Tra la mia gente la filosofia non ha seguito lo stesso percorso che ha seguito presso i vostri popoli: i concetti che sono entrati a far parte della nostra concezione della realtà non hanno avuto il supporto di una scrittura complessa o di cicli di discussione o di confronto tra disparate "concezioni". Essa è scaturita dall'osservazione della natura e da ciò che si presentava ai nostri occhi, cose alle quali, come è tipico di ogni essere incarnato, abbiamo comunque cercato di dare una spiegazione sulla base delle spinte a comprendere che urgevano dentro di noi, costruendo in questo modo una nostra filosofia non solo etico-morale ma anche cosmogonica.
Il concetto di base delle nostre osservazioni partiva dalla constatazione di base che il mondo in cui ci trovavamo a vivere non era costituito da una serie di elementi ognuno a sé stante ma che noi stessi facevamo parte della realtà con la stessa dignità, importanza e necessità di ogni altro suo elemento.
Avvertivamo, in maniera istintiva, l'unitarietà della realtà e l'estrema consequenzialità che legava ogni cosa, dal nostro nascere al nostro morire, dall'avvicendarsi delle stagioni, alla necessità di mantenere intatti i legami di reciproco aiuto – pur sottostando agli influssi dell'Io che, così spesso, purtroppo, rendeva inadeguati i nostri comportamenti - all'interno di una natura ora dolce madre, ora severa matrigna.
Alla luce di adesso mi sento di affermare che la nostra è stata una strada diversa, percorsa con mezzi diversi, ma che la meta a cui portava era, alla fine, sempre e solo quella di aiutare la nostra comprensione ad ampliarsi, pur non adoperando un linguaggio sofisticato e non avendo fatti nostri in maniera specifica concetti filosofici come quelli che conoscete e adoperate al giorno d'oggi voi, uomini che siete lo specchio del vostro tempo.
Presso il mio popolo sono stato spesso considerato un saggio, quello che voi attualmente chiamereste un "Maestro", ma non ritengo che quest'appellativo fosse giustificato nei miei confronti.
Io non insegnavo niente.
Al massimo trasmettevo le piccole scoperte che la mia osservazione della vita mi permetteva di percepire e il modo in cui ero arrivato a determinate conclusioni.
E il fatto che le mie "scoperte" derivavano dall'osservazione della natura che mi circondava faceva spesso sì che chi fosse interessato a capire meglio ciò che io dicevo, potesse con facilità riconoscere il mio percorso dato che l'osservazione della natura era sempre stata una parte primaria nei nostri processi di sopravvivenza.
Non posso affermare, senza mentire a me stesso e a voi, di essere arrivato a concepire concetti come la Vibrazione Prima o il Karma. Tuttavia mi sembra che tali concetti potessero, in fondo, essere impliciti in alcune mie osservazioni.
Non frequentavo scuole o chiese per ampliare o cercare il mio incontro con Dio e con tutti i quesiti filosofici ed esistenziali che l'accompagnano.
La mia chiesa era l'intero mondo in cui vivevo e la mia scuola era ciò che accadeva intorno a me.
Amavo sedermi sulla riva del Grande Lago e guardarmi intorno, in silenzio, percependo il fremito della vita che mi circondava, certamente aiutato nella mia fase meditativa dal lento sciabordare quieto delle acque.

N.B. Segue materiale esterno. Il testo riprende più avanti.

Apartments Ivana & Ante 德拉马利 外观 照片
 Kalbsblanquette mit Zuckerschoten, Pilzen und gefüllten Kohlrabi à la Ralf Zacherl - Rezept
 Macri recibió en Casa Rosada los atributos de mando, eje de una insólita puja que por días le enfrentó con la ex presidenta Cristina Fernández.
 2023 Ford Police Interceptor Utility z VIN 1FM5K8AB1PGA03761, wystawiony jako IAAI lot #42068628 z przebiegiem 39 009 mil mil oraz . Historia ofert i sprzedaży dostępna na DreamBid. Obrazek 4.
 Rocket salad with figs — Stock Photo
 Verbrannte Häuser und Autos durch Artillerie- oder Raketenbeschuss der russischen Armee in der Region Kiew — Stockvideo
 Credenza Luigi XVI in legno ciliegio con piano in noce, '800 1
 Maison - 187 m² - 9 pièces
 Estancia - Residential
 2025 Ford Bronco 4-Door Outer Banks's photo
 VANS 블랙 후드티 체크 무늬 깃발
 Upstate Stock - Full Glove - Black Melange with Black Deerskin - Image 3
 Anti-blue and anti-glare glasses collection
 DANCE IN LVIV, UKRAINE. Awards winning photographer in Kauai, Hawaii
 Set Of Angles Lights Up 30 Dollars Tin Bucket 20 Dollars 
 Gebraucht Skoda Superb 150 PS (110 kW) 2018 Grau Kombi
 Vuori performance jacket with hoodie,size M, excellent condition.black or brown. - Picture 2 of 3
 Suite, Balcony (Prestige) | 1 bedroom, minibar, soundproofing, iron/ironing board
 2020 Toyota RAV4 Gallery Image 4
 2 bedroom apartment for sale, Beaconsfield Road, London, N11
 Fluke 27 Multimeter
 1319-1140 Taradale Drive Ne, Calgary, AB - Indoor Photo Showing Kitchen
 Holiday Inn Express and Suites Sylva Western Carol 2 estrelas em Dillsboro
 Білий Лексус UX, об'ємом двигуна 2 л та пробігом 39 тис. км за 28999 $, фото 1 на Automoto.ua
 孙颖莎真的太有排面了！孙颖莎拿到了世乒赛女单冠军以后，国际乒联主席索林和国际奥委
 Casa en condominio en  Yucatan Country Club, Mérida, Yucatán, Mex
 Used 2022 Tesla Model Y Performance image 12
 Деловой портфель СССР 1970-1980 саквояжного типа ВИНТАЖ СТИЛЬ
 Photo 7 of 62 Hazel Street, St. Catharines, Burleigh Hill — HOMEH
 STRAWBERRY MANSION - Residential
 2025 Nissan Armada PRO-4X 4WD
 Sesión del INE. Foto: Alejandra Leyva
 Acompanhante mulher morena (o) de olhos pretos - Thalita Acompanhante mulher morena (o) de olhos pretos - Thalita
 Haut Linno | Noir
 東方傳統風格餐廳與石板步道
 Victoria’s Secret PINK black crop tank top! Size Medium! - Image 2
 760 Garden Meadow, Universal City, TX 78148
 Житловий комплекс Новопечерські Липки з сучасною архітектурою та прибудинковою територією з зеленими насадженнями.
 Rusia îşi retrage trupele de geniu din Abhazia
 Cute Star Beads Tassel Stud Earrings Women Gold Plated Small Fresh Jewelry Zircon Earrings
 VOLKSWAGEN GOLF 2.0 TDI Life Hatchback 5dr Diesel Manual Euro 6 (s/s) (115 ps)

Ricordo un giorno in cui vidi una foglia d'acero dondolare nell'aria fino a posarsi, dolcemente, sulla superficie delle acque.
Rimasi colpito dal fatto che quella leggera foglia dal colore intenso si posasse sull'acqua e immediatamente, dal punto in cui aveva toccato l'acqua, si allargasse una serie di piccole onde concentriche che, allontanandosi dalla foglia, finivano per fondersi con la grande massa d'acqua fino a svanire.
Fu da questa piccola osservazione che trovai la consapevolezza che ogni azione nella Realtà, sia quella volontaria che quella inconsapevole, provoca degli effetti sulla Realtà stessa.
Non che, a livello di esperienza di vita, questo concetto non mi appartenesse già: ogni freccia lanciata poteva essere causa di sopravvivenza per me stesso e per il mio popolo quando colpiva una preda, o causa di un periodo di fame quando il bersaglio non veniva colpito o sfuggiva ai cacciatori. Ma questa era una conoscenza pressoché istintiva, estremamente legata alle necessità primarie, quindi strettamente collegata all'attualità, senza possedere una vera e propria matrice filosofica.
L'osservazione della foglia che si posava sull'acqua, invece, mi offrì una visione più organica, svincolata da quello che voi siete abituati a chiamare Io, inserendola in un contesto più ampio che mi permetteva di concepire l'azione come un elemento unitario con la reazione che provocava e suggerendomi che quel piccolo accadimento, in fondo quasi insignificante, agiva non solo in quell'ambito circoscritto in cui avveniva quanto stavo osservando ma sull'intera Realtà, facendo nascere in me l'idea che l'azione è costituita e completata anche dal susseguirsi di una molteplicità di controreazioni i cui effetti si propagano nell'ambiente circostante.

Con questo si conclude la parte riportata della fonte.